The state justices said Thursday that given the initial uncertainty and confusion surrounding the actions of the student gunman, “there was no duty for the Commonwealth to warn students about the potential for criminal acts by third parties,” meaning gunman Seung-Hui Cho.

He went on a shooting rampage on the Blacksburg, Virginia, campus that left 32 people dead. The young man then took his own life.

Eugene Volokh finds the pertinent portion of the ruling which explains why the liability shouldn’t be as broad as the plaintiffs maintained.

[E]ven if there was a special relationship between the Commonwealth and students of Virginia Tech, under the facts of this case, there was no duty for the Commonwealth to warn students about the potential for criminal acts by third parties….

[E]ven if this Court were to apply the less stringent standard of “know or have reasonably foreseen,” there simply are not sufficient facts from which this Court could conclude that the duty to protect students against third party criminal acts arose as a matter of law. In this case, the Commonwealth knew that there had been a shooting in a dormitory in which one student was critically wounded and one was murdered. The Commonwealth also knew that the shooter had not been apprehended. At that time, the Commonwealth did not know who the shooter was, as law enforcement was in the early stages of its investigation of the crime.

However, based on representations from three different police departments, Virginia Tech officials believed that the shooting was a domestic incident and that the shooter may have been the boyfriend of one of the victims.

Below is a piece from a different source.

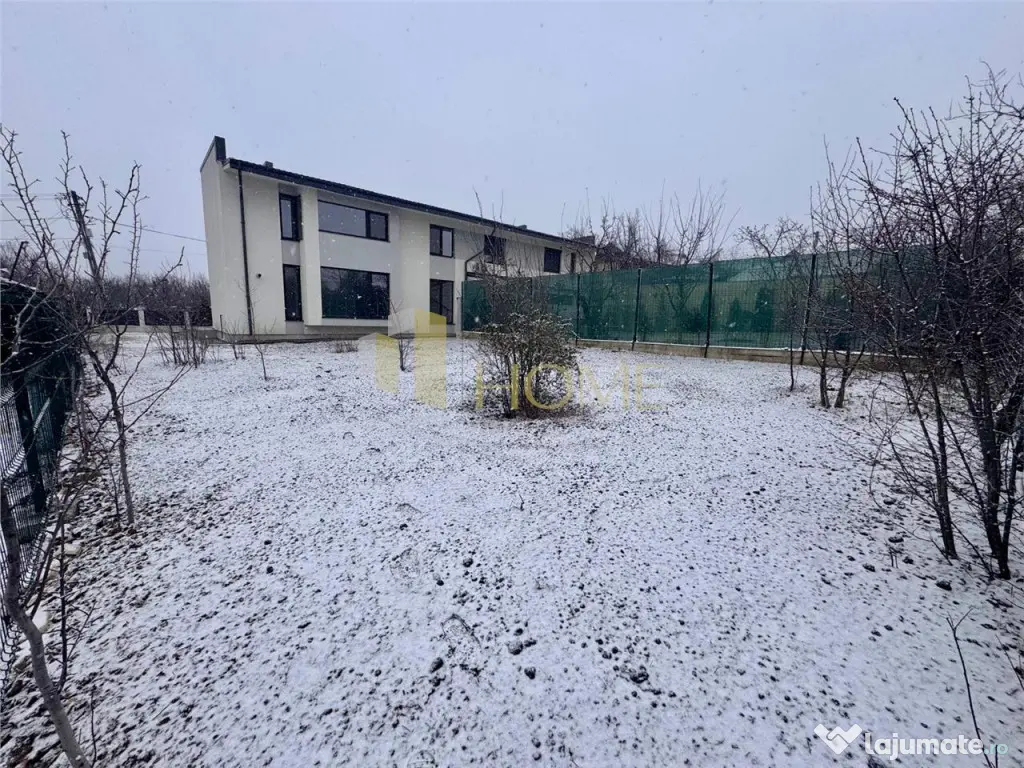 Casa 4 camere plus garaj, in Paulesti, zona cu priveliste l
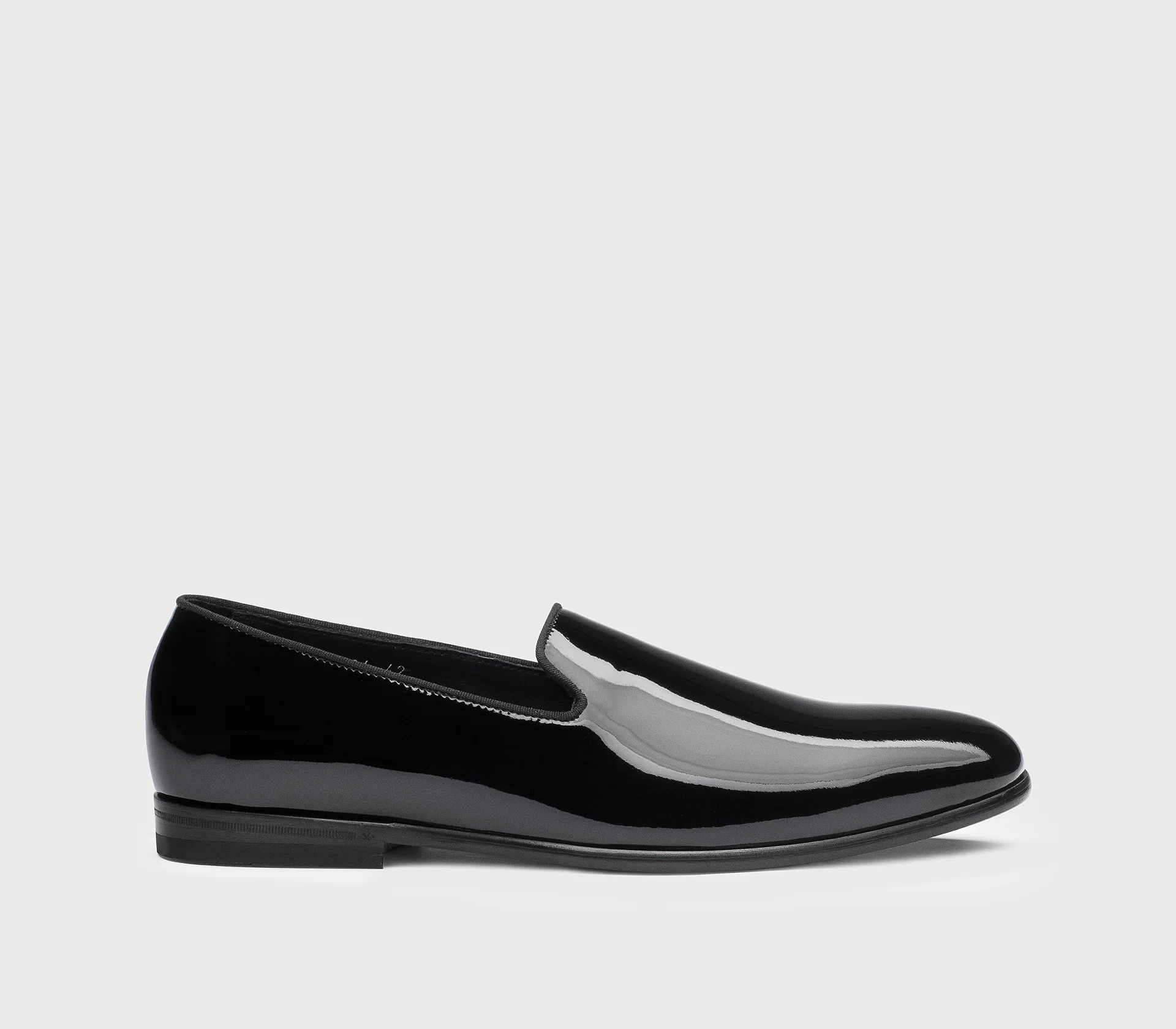 DU3304CARPUF018NN00 - Mocassino in pelle verniciata nero - immagine 2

Most importantly, based on the information available at that time, the defendants believed that the shooter had fled the area and posed no danger to others…. Based on the limited information available to the Commonwealth prior to the shootings in Norris Hall, it cannot be said that it was known or reasonably foreseeable that students in Norris Hall would fall victim to criminal harm. Thus, as a matter of law, the Commonwealth did not have a duty to protect students against third party criminal acts.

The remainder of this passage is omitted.